A Santa Casa de Misericórdia de Sorocaba recebeu nesta sexta-feira (28) o acelerador linear, vindo da Califórnia (EUA). O aparelho, no valor de aproximadamente R$ 6 milhões, será usado no tratamento de radioterapia de milhares de pacientes inseridos no Departamento Regional de Saúde de Sorocaba (DRS-16), que contempla 48 municípios. Segundo o médico José Carlos Menegoci, coordenador da radioterapia da Santa Casa, unindo o novo aparelho com o que já está em funcionamento, à base de cobalto, será possível realizar, em média, 110 atendimentos por dia na cidade.

O acelerador linear foi financiado pelo Ministério da Saúde, assim como a construção da casamata. As obras tiveram início em 2016, e desde o ano passado a radioterapia por meio do acelerador linear deveria estar ocorrendo. Atrasos por parte da construtora contratada, porém, adiaram a conclusão da casamata — um espaço espacial com isolamento radioativo e outras particularidades. Segundo Menegoci, o local está sendo finalizado e agora resta a conclusão de cômodos anexos, como banheiro, sala de espera e consultórios. “Até o início de novembro a casamata estará pronta”, afirma.

 

Já o acelerador linear passará por quatro etapas antes de ser usado, efetivamente, pelos pacientes. Menegoci explica que primeiramente será realizada a montagem do aparelho, depois serão feitos testes, seguido pela etapa de comissionamento — uma espécie de teste feito pela Santa Casa para constatar se o aparelho cumpre todos os requisitos para operar. Por último os funcionários que irão operar a máquina passarão por treinamento. “Acreditamos que até o Natal o novo aparelho estará sendo utilizado nos tratamentos”, disse o médico.

O médico explica que o acelerador linear funciona por eletricidade e produz feixes de radiação que atingem as áreas adoentadas. Menegoci diz que quando se trata de câncer não há uma ordem pré determinada de tratamento. “Alguns pacientes fazem só a quimioterapia, outros só a radio, ou precisam dos dois tipos.

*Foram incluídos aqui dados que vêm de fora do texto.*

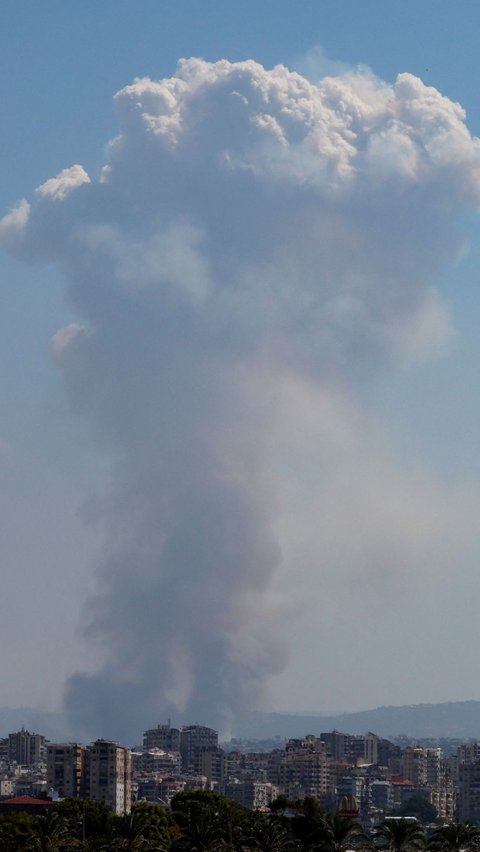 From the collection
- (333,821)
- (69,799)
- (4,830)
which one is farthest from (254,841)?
(69,799)

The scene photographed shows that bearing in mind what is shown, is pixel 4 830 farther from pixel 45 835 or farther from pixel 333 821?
pixel 333 821

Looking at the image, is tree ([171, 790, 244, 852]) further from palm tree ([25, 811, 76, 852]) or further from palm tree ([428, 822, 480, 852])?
palm tree ([428, 822, 480, 852])

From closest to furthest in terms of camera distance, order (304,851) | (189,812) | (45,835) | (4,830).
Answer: (304,851) → (45,835) → (4,830) → (189,812)

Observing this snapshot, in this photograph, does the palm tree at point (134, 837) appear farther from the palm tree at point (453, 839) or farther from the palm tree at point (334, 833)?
the palm tree at point (453, 839)

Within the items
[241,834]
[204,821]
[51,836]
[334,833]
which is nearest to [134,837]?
[51,836]

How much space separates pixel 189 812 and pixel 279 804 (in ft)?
56.9

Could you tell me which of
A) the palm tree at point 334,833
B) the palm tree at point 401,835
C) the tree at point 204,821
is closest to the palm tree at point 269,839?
the tree at point 204,821

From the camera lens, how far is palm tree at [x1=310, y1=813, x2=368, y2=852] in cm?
9088

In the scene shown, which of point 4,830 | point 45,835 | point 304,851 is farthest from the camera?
point 4,830

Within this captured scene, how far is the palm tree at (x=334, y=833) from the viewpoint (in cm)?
9088

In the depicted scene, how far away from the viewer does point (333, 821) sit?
302 feet

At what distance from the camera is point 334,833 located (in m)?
91.0

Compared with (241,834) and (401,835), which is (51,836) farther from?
(401,835)

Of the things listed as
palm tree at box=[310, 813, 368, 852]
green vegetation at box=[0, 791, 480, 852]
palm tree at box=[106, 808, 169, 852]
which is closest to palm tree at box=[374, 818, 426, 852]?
green vegetation at box=[0, 791, 480, 852] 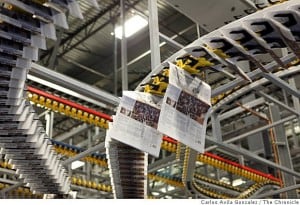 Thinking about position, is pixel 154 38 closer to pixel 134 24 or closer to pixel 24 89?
pixel 24 89

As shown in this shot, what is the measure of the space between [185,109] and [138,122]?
188 mm

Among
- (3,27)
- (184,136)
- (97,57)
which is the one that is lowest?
(184,136)

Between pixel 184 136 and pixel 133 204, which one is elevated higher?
pixel 184 136

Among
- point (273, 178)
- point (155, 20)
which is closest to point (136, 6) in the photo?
point (273, 178)

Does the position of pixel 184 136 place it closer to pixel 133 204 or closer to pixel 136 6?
pixel 133 204

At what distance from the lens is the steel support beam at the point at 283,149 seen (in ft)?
15.2

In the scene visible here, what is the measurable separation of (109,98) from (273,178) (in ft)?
10.6

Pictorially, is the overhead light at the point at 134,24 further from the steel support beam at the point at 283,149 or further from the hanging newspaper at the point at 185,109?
the hanging newspaper at the point at 185,109

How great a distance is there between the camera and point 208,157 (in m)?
4.57

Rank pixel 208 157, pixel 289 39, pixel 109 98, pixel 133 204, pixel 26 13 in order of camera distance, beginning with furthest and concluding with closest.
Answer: pixel 208 157 → pixel 109 98 → pixel 289 39 → pixel 26 13 → pixel 133 204

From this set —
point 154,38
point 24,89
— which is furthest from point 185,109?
point 154,38

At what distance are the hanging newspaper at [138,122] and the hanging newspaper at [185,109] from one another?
0.10 m

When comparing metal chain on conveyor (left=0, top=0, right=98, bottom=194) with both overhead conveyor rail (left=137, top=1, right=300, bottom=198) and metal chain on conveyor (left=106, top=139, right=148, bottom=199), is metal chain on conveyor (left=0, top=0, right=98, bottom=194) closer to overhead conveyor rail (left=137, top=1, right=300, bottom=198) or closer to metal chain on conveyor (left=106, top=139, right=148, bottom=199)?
metal chain on conveyor (left=106, top=139, right=148, bottom=199)

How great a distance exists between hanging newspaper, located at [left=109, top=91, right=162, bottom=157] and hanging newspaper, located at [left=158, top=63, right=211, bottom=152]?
0.10m
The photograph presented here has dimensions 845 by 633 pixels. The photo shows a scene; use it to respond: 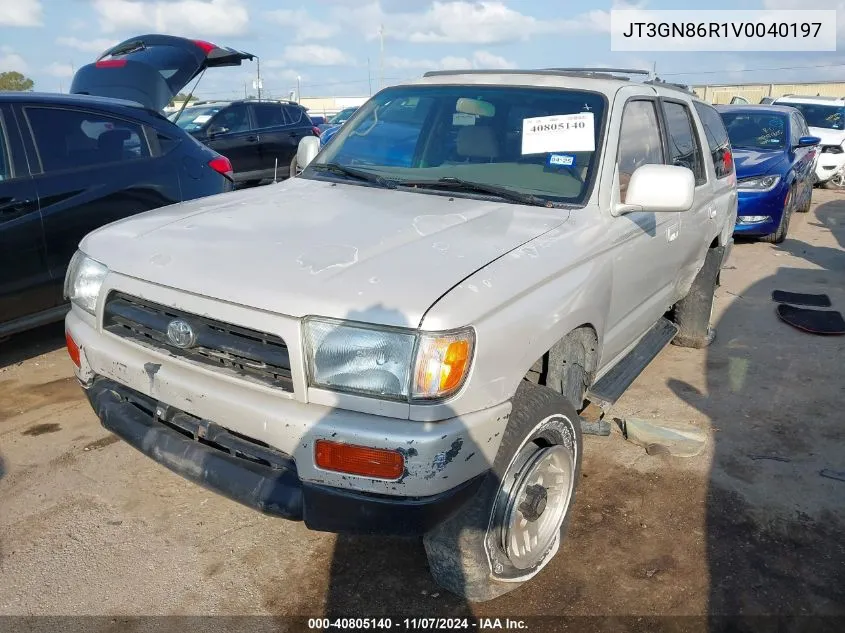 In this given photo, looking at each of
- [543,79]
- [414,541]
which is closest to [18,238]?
[414,541]

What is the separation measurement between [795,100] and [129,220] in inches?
636

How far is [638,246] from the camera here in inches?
130

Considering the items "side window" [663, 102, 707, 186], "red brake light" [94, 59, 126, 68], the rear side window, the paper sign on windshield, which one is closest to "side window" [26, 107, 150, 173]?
"red brake light" [94, 59, 126, 68]

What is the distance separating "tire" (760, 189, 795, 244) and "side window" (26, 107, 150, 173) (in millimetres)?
7640

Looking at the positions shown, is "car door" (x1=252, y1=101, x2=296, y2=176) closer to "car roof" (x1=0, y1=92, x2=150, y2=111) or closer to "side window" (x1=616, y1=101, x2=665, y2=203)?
"car roof" (x1=0, y1=92, x2=150, y2=111)

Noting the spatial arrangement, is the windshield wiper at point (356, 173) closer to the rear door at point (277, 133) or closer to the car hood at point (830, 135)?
the rear door at point (277, 133)

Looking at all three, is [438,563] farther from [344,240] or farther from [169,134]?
[169,134]

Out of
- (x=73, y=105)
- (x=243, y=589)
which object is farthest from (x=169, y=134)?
(x=243, y=589)

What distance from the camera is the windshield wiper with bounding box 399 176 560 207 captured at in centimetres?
299

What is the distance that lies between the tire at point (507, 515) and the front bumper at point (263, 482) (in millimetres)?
198

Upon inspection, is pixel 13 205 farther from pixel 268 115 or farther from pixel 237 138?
pixel 268 115

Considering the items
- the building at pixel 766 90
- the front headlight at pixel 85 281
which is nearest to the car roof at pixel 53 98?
the front headlight at pixel 85 281

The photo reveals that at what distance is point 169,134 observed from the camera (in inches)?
213

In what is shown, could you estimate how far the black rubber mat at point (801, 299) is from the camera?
257 inches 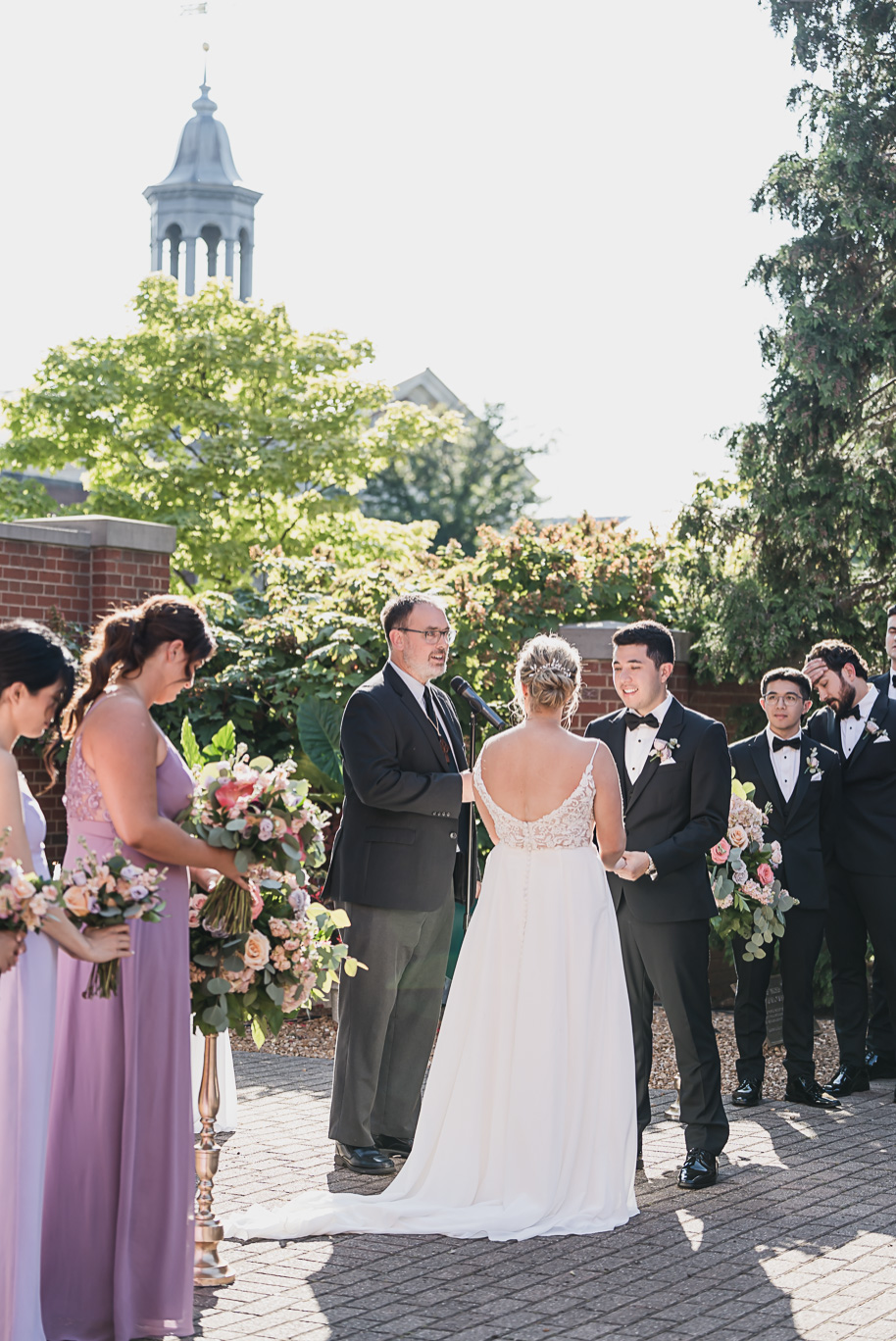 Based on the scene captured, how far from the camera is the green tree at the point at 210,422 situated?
2570cm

Cada caso tem suas especificidades.” Durante o atendimento, o coordenador explica que o paciente fica em contato com a radiação aproximadamente cinco minutos e apenas um médico e um técnico acompanham esse processo. A capacidade do acelerador é de atender cinco pacientes por hora.

Prazos

O Plano de Expansão da Radioterapia no Sistema Único de Saúde (SUS) teve início em 2012, e além do acelerador linear que chegou ao município ontem, o Conjunto Hospitalar de Sorocaba (CHS) também está na lista para receber um aparelho, assim como outros 80 hospitais brasileiros. No cronograma de setembro divulgado pelo Ministério da Saúde, consta que o acelerador linear poderia chegar a Sorocaba até o dia 31 de outubro, o que mostra um adiantamento nesse processo.

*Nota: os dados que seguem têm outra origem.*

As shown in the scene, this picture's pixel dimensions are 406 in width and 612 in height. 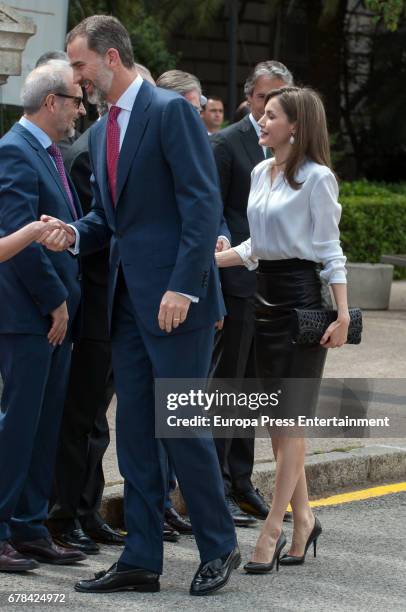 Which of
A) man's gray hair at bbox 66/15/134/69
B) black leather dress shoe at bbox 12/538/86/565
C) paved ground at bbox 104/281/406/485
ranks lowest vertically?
paved ground at bbox 104/281/406/485

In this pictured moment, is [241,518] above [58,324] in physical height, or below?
below

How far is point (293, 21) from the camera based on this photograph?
97.4ft

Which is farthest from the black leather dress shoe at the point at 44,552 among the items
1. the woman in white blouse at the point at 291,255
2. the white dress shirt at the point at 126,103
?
the white dress shirt at the point at 126,103

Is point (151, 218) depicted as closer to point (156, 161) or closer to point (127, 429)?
point (156, 161)

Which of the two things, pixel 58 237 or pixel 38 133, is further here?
pixel 38 133

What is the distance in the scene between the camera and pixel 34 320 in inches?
201

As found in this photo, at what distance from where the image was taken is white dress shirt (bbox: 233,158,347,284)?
5.16 m

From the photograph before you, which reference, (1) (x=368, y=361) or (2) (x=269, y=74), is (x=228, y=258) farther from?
(1) (x=368, y=361)

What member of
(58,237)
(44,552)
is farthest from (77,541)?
(58,237)

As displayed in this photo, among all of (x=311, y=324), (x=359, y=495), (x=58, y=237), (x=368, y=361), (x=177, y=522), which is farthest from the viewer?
(x=368, y=361)

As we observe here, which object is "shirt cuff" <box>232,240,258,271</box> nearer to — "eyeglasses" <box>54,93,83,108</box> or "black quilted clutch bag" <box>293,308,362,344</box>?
"black quilted clutch bag" <box>293,308,362,344</box>

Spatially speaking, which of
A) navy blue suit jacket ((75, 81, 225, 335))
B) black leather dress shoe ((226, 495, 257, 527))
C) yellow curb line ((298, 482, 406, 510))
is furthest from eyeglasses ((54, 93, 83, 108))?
yellow curb line ((298, 482, 406, 510))

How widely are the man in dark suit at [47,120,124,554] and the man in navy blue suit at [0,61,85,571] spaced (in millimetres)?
196

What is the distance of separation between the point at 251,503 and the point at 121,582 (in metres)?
1.47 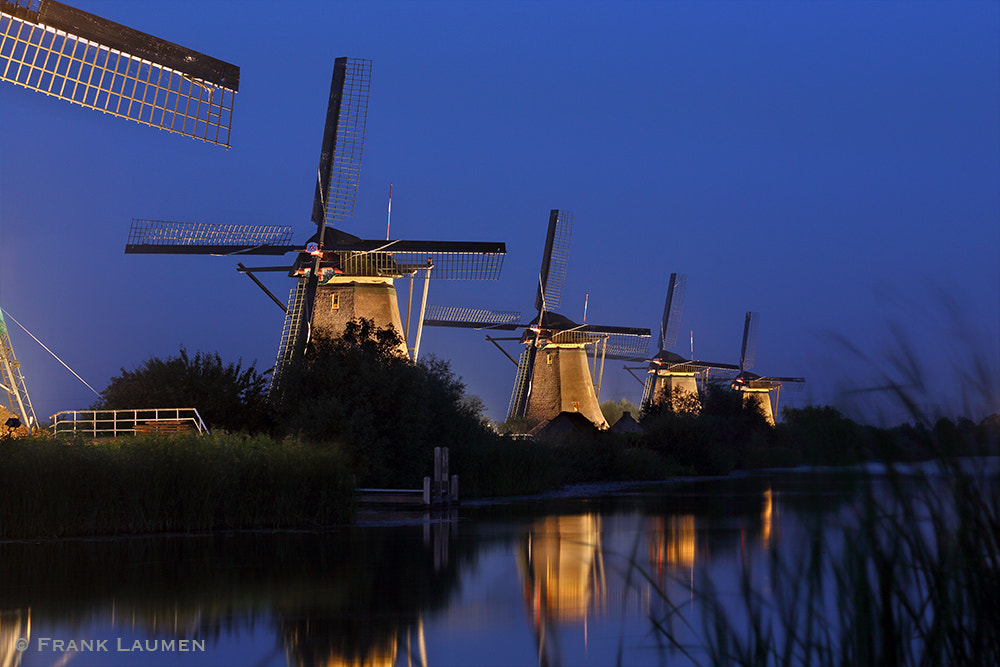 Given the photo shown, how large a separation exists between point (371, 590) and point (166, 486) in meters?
7.84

O Ministério da Saúde aponta que 88% das obras da casamata já estão prontas e que o prazo para que seja feita a liberação de operação (após todos os testes) vai até 3 de janeiro do ano que vem. Por fim, segundo o governo federal, o aparelho deve funcionar até o dia 29 de janeiro. O presidente da Irmandade Santa Casa de Misericórdia, padre Flávio Miguel Jorge Júnior e o coordenador do serviço de radioterapia, o médico Menegoci, porém, acreditam que o tratamento através do acelerador linear será iniciado antes do prazo previsto, ainda em 2018.

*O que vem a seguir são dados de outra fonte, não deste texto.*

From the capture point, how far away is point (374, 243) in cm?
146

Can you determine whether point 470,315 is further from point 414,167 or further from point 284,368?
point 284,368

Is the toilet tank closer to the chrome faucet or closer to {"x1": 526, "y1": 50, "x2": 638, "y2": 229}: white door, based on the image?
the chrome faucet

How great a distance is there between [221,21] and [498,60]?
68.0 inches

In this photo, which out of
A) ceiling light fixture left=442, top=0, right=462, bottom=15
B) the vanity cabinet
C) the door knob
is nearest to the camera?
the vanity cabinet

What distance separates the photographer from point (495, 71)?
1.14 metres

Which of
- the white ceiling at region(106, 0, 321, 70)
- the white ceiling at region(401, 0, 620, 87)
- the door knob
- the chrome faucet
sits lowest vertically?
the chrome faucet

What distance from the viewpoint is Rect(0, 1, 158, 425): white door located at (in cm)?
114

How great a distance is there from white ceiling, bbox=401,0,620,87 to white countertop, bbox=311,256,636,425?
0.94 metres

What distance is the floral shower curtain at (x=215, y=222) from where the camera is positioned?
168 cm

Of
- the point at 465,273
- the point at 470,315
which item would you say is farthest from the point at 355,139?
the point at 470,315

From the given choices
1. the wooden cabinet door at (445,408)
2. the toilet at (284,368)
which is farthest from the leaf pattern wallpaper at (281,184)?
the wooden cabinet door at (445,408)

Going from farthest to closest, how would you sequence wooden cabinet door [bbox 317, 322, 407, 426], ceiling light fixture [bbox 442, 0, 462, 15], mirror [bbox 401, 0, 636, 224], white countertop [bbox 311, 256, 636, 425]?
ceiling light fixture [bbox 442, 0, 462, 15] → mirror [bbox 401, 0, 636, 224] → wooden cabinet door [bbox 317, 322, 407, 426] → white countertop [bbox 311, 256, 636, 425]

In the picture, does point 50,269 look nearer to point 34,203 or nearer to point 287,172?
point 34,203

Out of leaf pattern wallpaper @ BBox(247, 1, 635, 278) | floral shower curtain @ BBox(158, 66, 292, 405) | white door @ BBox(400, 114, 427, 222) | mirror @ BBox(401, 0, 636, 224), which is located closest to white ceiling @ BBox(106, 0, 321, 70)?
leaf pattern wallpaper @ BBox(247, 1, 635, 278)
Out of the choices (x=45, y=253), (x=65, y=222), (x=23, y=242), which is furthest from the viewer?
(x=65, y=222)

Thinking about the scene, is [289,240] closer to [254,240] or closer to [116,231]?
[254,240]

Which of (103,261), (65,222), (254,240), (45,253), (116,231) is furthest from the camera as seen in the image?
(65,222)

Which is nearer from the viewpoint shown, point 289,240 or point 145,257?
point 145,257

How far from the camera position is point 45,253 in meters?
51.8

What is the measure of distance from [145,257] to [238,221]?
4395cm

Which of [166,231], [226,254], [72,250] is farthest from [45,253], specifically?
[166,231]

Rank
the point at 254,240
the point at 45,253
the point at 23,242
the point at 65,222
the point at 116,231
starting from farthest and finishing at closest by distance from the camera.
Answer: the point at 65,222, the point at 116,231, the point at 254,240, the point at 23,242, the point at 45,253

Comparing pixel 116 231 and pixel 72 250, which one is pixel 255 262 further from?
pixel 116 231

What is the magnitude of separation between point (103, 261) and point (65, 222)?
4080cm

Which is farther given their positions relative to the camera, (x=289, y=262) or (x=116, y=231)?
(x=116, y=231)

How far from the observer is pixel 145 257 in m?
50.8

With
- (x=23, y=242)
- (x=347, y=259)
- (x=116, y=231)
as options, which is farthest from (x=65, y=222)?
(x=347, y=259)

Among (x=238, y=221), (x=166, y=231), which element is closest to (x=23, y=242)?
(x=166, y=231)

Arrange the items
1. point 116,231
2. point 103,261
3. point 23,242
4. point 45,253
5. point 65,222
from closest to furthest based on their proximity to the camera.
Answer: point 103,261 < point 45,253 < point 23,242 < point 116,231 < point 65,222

Para a construção da casamata, segundo o Ministério da Saúde, foram investidos R$ 2,3 milhões. Das 80 localidades que devem receber o acelerador, apenas oito já tiveram as obras concluídas e estão realizando os tratamentos de radioterapia. 26 cidades que estão na lista do Plano de Expansão da Radioterapia estão na mesma situação que Sorocaba, com o processo em andamento. Cinco locais já foram licitados, mas ainda aguardam a ordem de serviço. 15 hospitais brasileiros, entre eles o CHS, estão em processo de licitatório. Há oito projetos em análise, ou seja, ainda não ocorreu licitação.